BEGIN Data to process

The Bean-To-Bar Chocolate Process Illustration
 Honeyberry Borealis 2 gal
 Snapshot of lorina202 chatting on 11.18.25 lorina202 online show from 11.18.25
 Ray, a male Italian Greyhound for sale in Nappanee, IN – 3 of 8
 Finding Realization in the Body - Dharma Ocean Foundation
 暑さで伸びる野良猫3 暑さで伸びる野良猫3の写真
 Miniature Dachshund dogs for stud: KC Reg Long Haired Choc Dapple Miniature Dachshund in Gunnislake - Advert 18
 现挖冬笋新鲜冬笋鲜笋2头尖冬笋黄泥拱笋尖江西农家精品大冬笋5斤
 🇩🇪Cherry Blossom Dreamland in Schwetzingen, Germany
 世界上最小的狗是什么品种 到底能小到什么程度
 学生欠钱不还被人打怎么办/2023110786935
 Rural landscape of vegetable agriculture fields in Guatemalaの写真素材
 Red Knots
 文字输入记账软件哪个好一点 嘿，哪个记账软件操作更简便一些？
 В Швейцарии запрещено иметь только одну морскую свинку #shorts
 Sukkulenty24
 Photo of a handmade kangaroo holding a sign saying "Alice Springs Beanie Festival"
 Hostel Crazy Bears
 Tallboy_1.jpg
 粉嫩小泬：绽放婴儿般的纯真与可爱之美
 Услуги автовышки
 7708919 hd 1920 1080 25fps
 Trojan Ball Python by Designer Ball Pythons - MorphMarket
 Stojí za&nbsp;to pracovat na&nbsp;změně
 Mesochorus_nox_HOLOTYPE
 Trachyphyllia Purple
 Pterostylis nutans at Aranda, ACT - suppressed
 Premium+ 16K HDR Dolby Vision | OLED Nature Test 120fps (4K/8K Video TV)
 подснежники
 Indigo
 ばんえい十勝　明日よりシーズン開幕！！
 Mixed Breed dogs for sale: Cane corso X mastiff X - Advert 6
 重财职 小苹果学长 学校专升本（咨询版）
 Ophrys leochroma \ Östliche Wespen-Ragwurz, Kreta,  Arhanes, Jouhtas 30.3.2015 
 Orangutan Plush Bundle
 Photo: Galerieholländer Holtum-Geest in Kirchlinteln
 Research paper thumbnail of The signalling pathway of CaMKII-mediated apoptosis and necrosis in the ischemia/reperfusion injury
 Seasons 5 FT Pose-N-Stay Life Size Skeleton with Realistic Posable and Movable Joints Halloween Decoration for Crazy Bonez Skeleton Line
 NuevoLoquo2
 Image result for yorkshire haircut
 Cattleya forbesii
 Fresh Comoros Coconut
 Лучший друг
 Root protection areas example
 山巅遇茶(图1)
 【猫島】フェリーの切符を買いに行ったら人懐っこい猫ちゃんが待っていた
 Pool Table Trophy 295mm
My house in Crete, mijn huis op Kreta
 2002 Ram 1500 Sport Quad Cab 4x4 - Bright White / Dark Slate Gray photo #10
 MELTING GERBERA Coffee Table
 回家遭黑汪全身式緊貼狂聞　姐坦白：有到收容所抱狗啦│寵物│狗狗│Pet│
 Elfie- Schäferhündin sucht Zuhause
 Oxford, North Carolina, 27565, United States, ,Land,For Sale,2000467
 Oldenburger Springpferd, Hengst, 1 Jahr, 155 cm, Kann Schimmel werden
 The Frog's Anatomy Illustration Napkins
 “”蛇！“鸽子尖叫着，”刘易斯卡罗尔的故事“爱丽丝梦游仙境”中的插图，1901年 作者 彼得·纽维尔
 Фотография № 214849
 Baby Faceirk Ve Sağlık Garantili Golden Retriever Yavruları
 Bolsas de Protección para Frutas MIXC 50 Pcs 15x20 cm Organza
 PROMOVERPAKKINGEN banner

END Data to process

Activity
Set down each line of the data precisely as it appears above.

Task response
The Bean-To-Bar Chocolate Process Illustration
 Honeyberry Borealis 2 gal
 Snapshot of lorina202 chatting on 11.18.25 lorina202 online show from 11.18.25
 Ray, a male Italian Greyhound for sale in Nappanee, IN – 3 of 8
 Finding Realization in the Body - Dharma Ocean Foundation
 暑さで伸びる野良猫3 暑さで伸びる野良猫3の写真
 Miniature Dachshund dogs for stud: KC Reg Long Haired Choc Dapple Miniature Dachshund in Gunnislake - Advert 18
 现挖冬笋新鲜冬笋鲜笋2头尖冬笋黄泥拱笋尖江西农家精品大冬笋5斤
 🇩🇪Cherry Blossom Dreamland in Schwetzingen, Germany
 世界上最小的狗是什么品种 到底能小到什么程度
 学生欠钱不还被人打怎么办/2023110786935
 Rural landscape of vegetable agriculture fields in Guatemalaの写真素材
 Red Knots
 文字输入记账软件哪个好一点 嘿，哪个记账软件操作更简便一些？
 В Швейцарии запрещено иметь только одну морскую свинку #shorts
 Sukkulenty24
 Photo of a handmade kangaroo holding a sign saying "Alice Springs Beanie Festival"
 Hostel Crazy Bears
 Tallboy_1.jpg
 粉嫩小泬：绽放婴儿般的纯真与可爱之美
 Услуги автовышки
 7708919 hd 1920 1080 25fps
 Trojan Ball Python by Designer Ball Pythons - MorphMarket
 Stojí za&nbsp;to pracovat na&nbsp;změně
 Mesochorus_nox_HOLOTYPE
 Trachyphyllia Purple
 Pterostylis nutans at Aranda, ACT - suppressed
 Premium+ 16K HDR Dolby Vision | OLED Nature Test 120fps (4K/8K Video TV)
 подснежники
 Indigo
 ばんえい十勝　明日よりシーズン開幕！！
 Mixed Breed dogs for sale: Cane corso X mastiff X - Advert 6
 重财职 小苹果学长 学校专升本（咨询版）
 Ophrys leochroma \ Östliche Wespen-Ragwurz, Kreta,  Arhanes, Jouhtas 30.3.2015 
 Orangutan Plush Bundle
 Photo: Galerieholländer Holtum-Geest in Kirchlinteln
 Research paper thumbnail of The signalling pathway of CaMKII-mediated apoptosis and necrosis in the ischemia/reperfusion injury
 Seasons 5 FT Pose-N-Stay Life Size Skeleton with Realistic Posable and Movable Joints Halloween Decoration for Crazy Bonez Skeleton Line
 NuevoLoquo2
 Image result for yorkshire haircut
 Cattleya forbesii
 Fresh Comoros Coconut
 Лучший друг
 Root protection areas example
 山巅遇茶(图1)
 【猫島】フェリーの切符を買いに行ったら人懐っこい猫ちゃんが待っていた
 Pool Table Trophy 295mm
My house in Crete, mijn huis op Kreta
 2002 Ram 1500 Sport Quad Cab 4x4 - Bright White / Dark Slate Gray photo #10
 MELTING GERBERA Coffee Table
 回家遭黑汪全身式緊貼狂聞　姐坦白：有到收容所抱狗啦│寵物│狗狗│Pet│
 Elfie- Schäferhündin sucht Zuhause
 Oxford, North Carolina, 27565, United States, ,Land,For Sale,2000467
 Oldenburger Springpferd, Hengst, 1 Jahr, 155 cm, Kann Schimmel werden
 The Frog's Anatomy Illustration Napkins
 “”蛇！“鸽子尖叫着，”刘易斯卡罗尔的故事“爱丽丝梦游仙境”中的插图，1901年 作者 彼得·纽维尔
 Фотография № 214849
 Baby Faceirk Ve Sağlık Garantili Golden Retriever Yavruları
 Bolsas de Protección para Frutas MIXC 50 Pcs 15x20 cm Organza
 PROMOVERPAKKINGEN banner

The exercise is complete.